Auditors should look at critical audit matters as an important opportunity to communicate and show the value they add to the financial reporting process, PCAOB member J. Robert Brown said Monday at the AICPA Conference on Current SEC and PCAOB Developments.
Auditors began communicating critical audit matters (also known as CAMs) in auditor’s reports for large accelerated filers in 2019 in compliance with new PCAOB rules. The PCAOB defines a critical audit matter as any matter arising from the audit of the financial statements that was communicated or required to be communicated to the audit committee that:
- Relates to accounts or disclosures that are material to the financial statements; and
- Involves especially challenging, subjective, or complex auditor judgment.
“This is an opportunity for you to show your expertise,” Brown said, speaking to auditors at the conference. “We all hear about the expectations gap, the so-called expectations gap. Well, this is an opportunity to let investors know how difficult audits can be and the expertise and skill that you bring to the process. Take advantage of the opportunity.”

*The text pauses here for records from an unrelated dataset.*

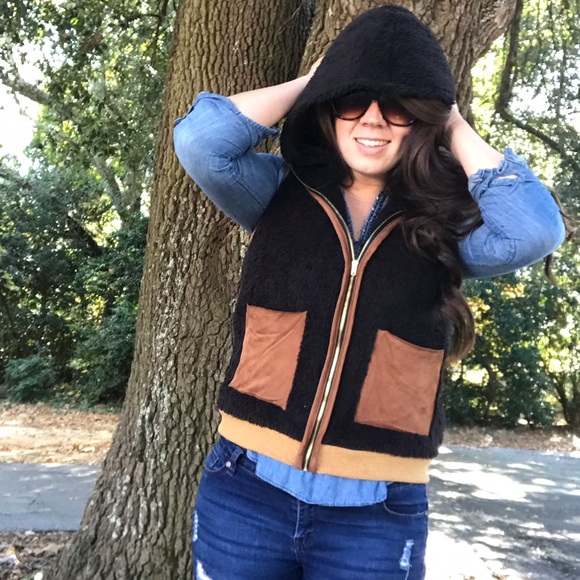 << Black & Tan Sherpa Soft Fur Vest >> - Picture 3 of 4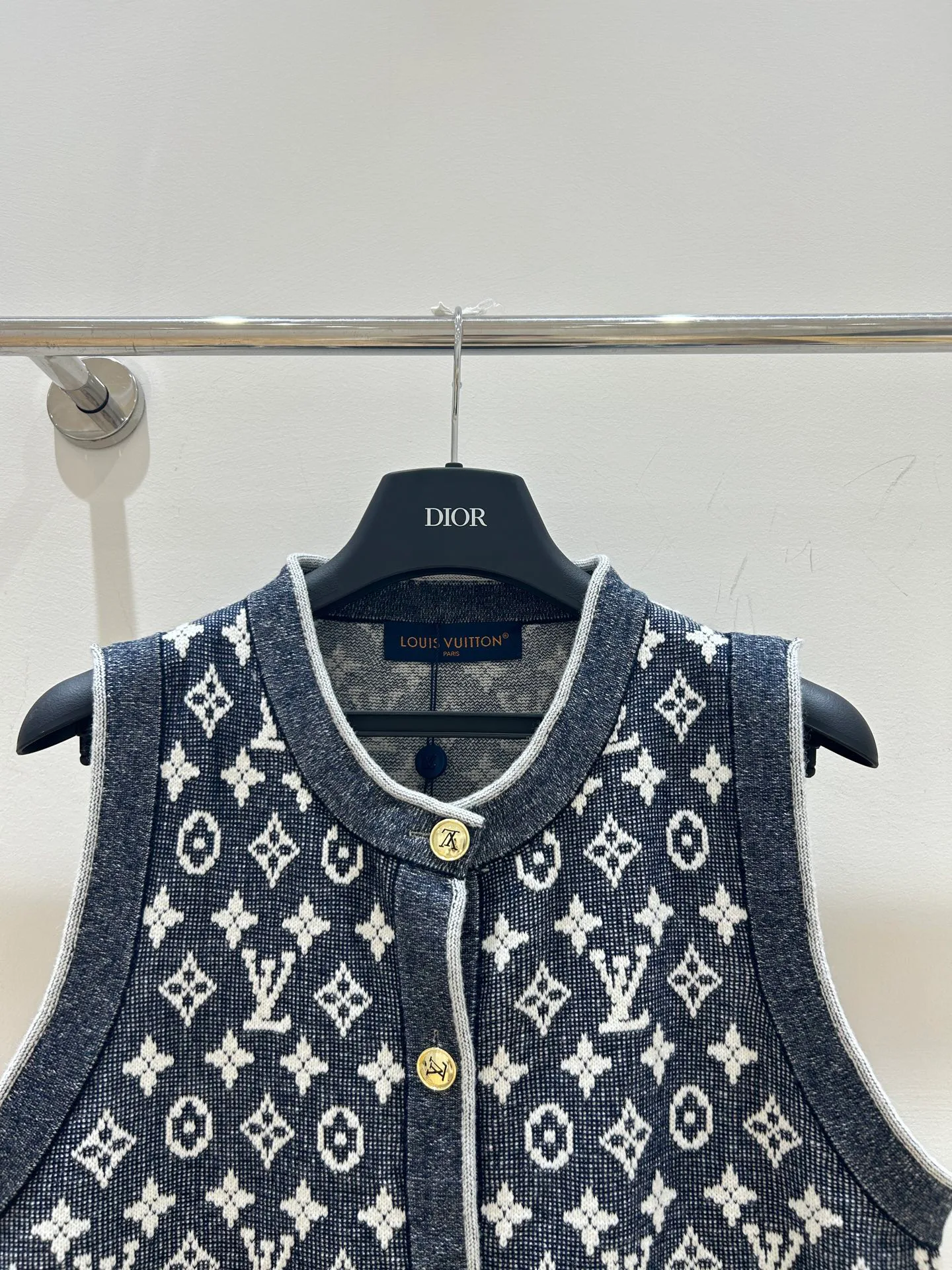 Women's Vests LOUIS VUITTON 18097082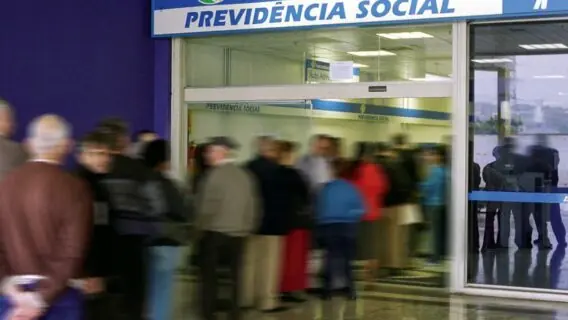 Aposentadoria parada na fila do INSS? Veja qual o motivo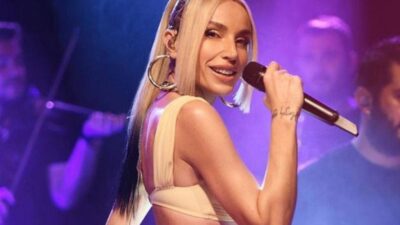 Gülşen sahnelere döndü, seyircilere bakın ne sordu!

There is concern that some of those opportunities are being wasted with disclosures that contain language that’s “boilerplate” in nature. SEC Professional Accounting Fellow Jeffery Joseph said at the conference that auditors’ reports are more effective when they use entity-specific information.
“Such language provides useful information to the users of the financial statements,” Joseph said. “For example, we have observed instances where the wording of the CAM describes the specific input and/or assumption driving a principal consideration, which we believe are useful when evaluating the judgments made in an audit.”
Brown said CAMs are unlikely to provide shareholders and other investors with useful information if the disclosures contain excessive amounts of generic or standardized information. As an example of a successful disclosure, he called attention to three CAMS out of more than 2,000 that were analyzed that specifically addressed the impact of climate change on various estimates and valuations in the financial statements.
“Do investors think these climate change CAMs have value? I think so,” he said. “Will they be looking for them next year? I think so. Will they be asking audit committees and audit firms about this topic, particularly at comparable companies where there was no similar climate change CAM? I’m predicting that they will. As we start year 2 [of CAMs in auditor’s reports], this disclosure will, I predict, only increase in value and increasingly become integrated into the decision-making process of investors and the public.”